FLY FISHING IS NOT DIFFICULT
My introduction to fly fishing began when I was in middle school shortly after dinosaurs no longer ruled the earth. A neighbor whose lawn I cut in the summer and whose drive I shoveled in winter gave me my first fly rod. The rod was a three piece sectional metal rod which I proudly kept in its fabric rod bag when not in use. I had an old clicker style reel and used monofilament line. My lures were garden hackle (worms). To the dry fly purist this would be an abomination but I presented my offerings along with a bobber to detect the strike.
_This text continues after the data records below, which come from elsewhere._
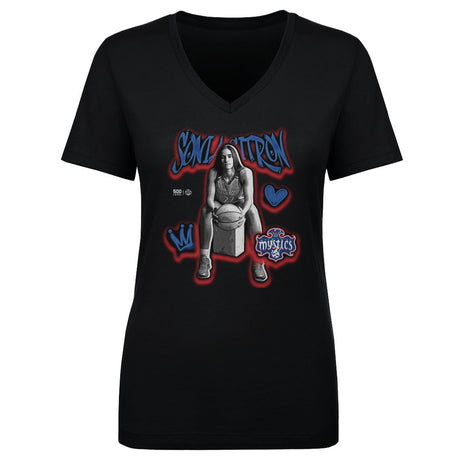 Sonia Citron Women's V-Neck T-Shirt | 500 LEVEL
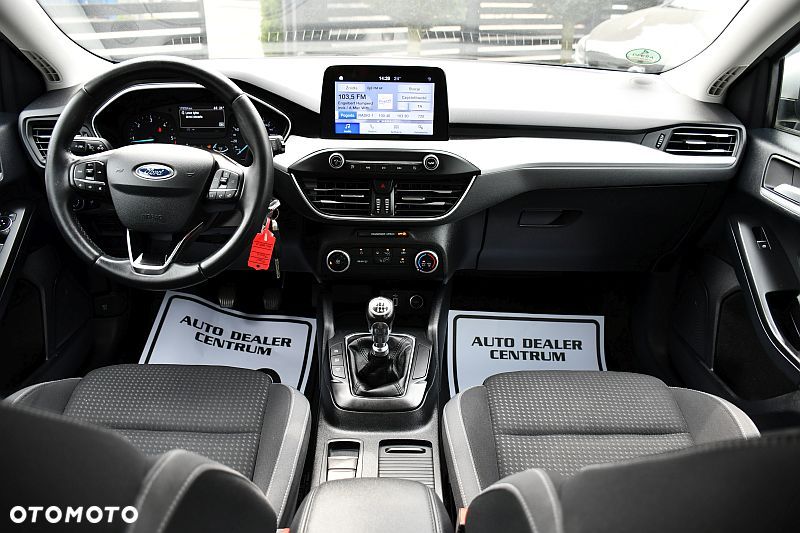 Ford Focus 1.5 EcoBlue Start-Stopp-System ACTIVE STYLE - 24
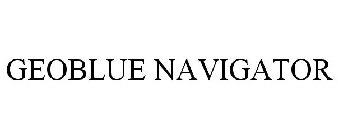 GEOBLUE NAVIGATOR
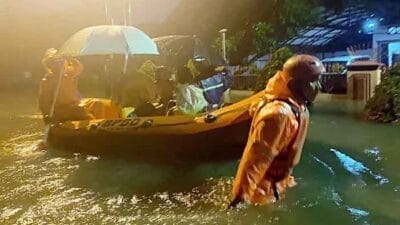 Sikapi Gerak Cepat Bobby Nasution, BPBD Kota Medan Evaluasi 7 Warga Jalan Perjuangan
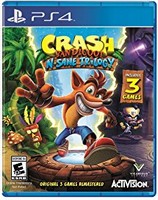 Crash Bandicoot N-Sane Trilogy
I read articles in outdoor magazines about fly fishing for trout and salmon while the specie of my pursuit remained panfish and bass. The seed was planted and as life progressed so did my interest.
Like anything in life, fly fishing has its own specific terminology for rods, reels, lines, flies and even casts. Fly fishermen are rarely observed unless you happen to be floating down a trout stream or are watching a movie like, “A River Runs Through It”. Sometimes called, “The Quiet Sport” and shrouded in a type of mystique, the sport has been gaining in popularity for various reasons not the least of which is offering rehab for many people. This brief primer should provide the reader with enough information to begin to acquire the equipment necessary and embark upon an adventure that borders on addiction.
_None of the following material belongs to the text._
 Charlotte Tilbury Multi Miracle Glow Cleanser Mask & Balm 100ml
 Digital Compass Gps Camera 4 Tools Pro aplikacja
Fly rods come in a variety of materials: cane, glass and graphite. There is nothing as beautiful as a cane rod crafted from bamboo; however, a quality cane rod comes with a price that could put a serious dent in the wallet. Fiberglass was the material used in the past and has since been replace with graphite. Graphite rods come in a wide range of prices starting around fifty dollars and going up to over eight hundred. The length may be from 7 ½ feet to over 10 feet and the weight also has a wide range. Weight does not refer to the physical weight of the rod but the weight of the line that the rod is made for. A rod that has the designation of 4 5 9 means that it is a rod that comes in 4 sections is made for a 5 weight line and is 9 feet long.
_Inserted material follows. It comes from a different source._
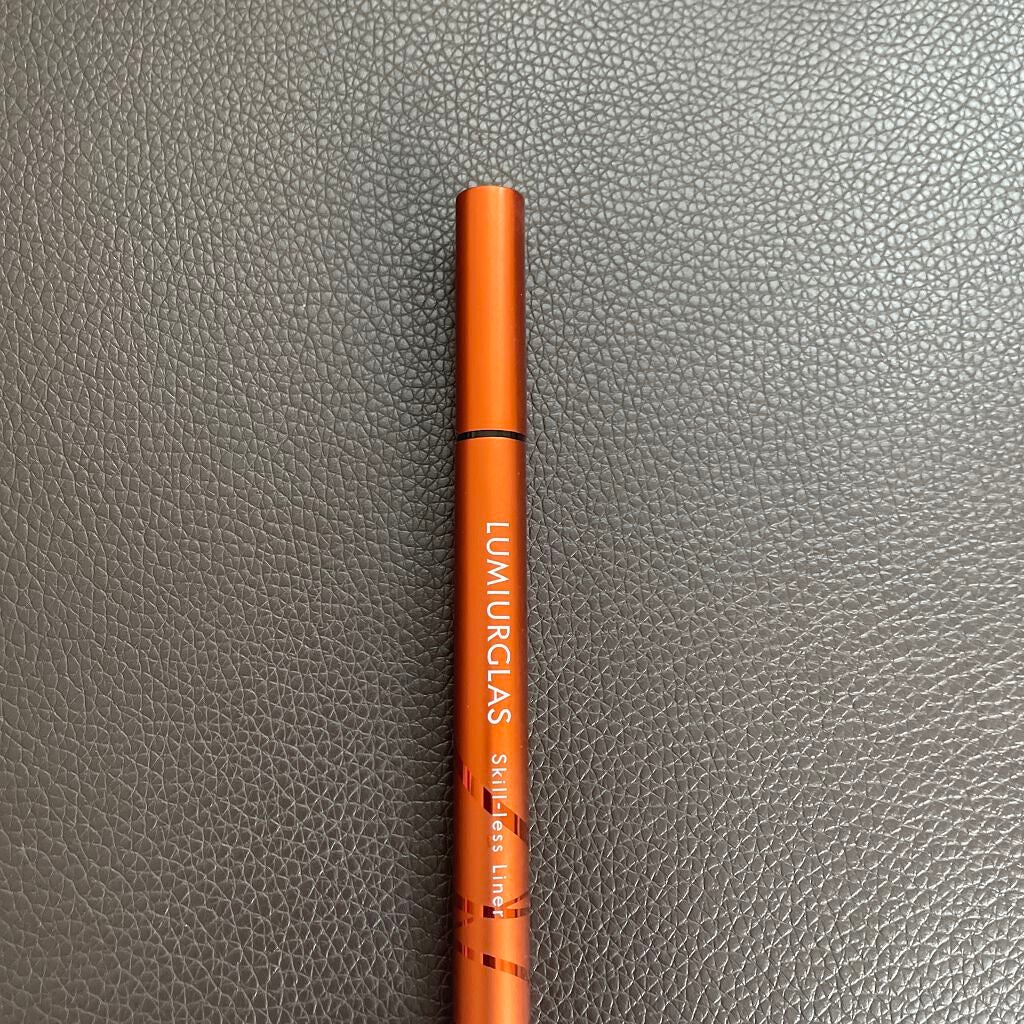 スキルレスライナー/LUMIURGLAS/リキッドアイライナーを使ったクチコミ(3枚目)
Reels are devices on which the fisherman stores the line. To the novice a simple reel should prove sufficient unless you are going after steelhead or muskies (freshwater) or bonefish or tarpon (saltwater). Reels usually can handle a range of fly lines so it is important to make sure the reel can handle the line you intend to use. A person starting out will normally use the outfit in pursuit of panfish, bass, trout and pike and with that in mind I suggest a five or six weight outfit. The next option on the reel is whether to choose a regular reel or one with a large arbor (spool for holding line) reel. The large arbor reel does a better job of preventing your fly line from coiling but the tradeoff can be weight.
Fly line can be purchased for as little as twenty dollars to as much as one hundred dollars. This is an area where I recommend an investment in a good quality line. The description for line can seem to be almost a foreign language but it is not that difficult. Lines may be level, double taper, weight forward, floating or sinking. For the beginner I suggest a WFF (weight forward floating) line with a welded loop as it will make casting easier and the loop makes changing leaders easier.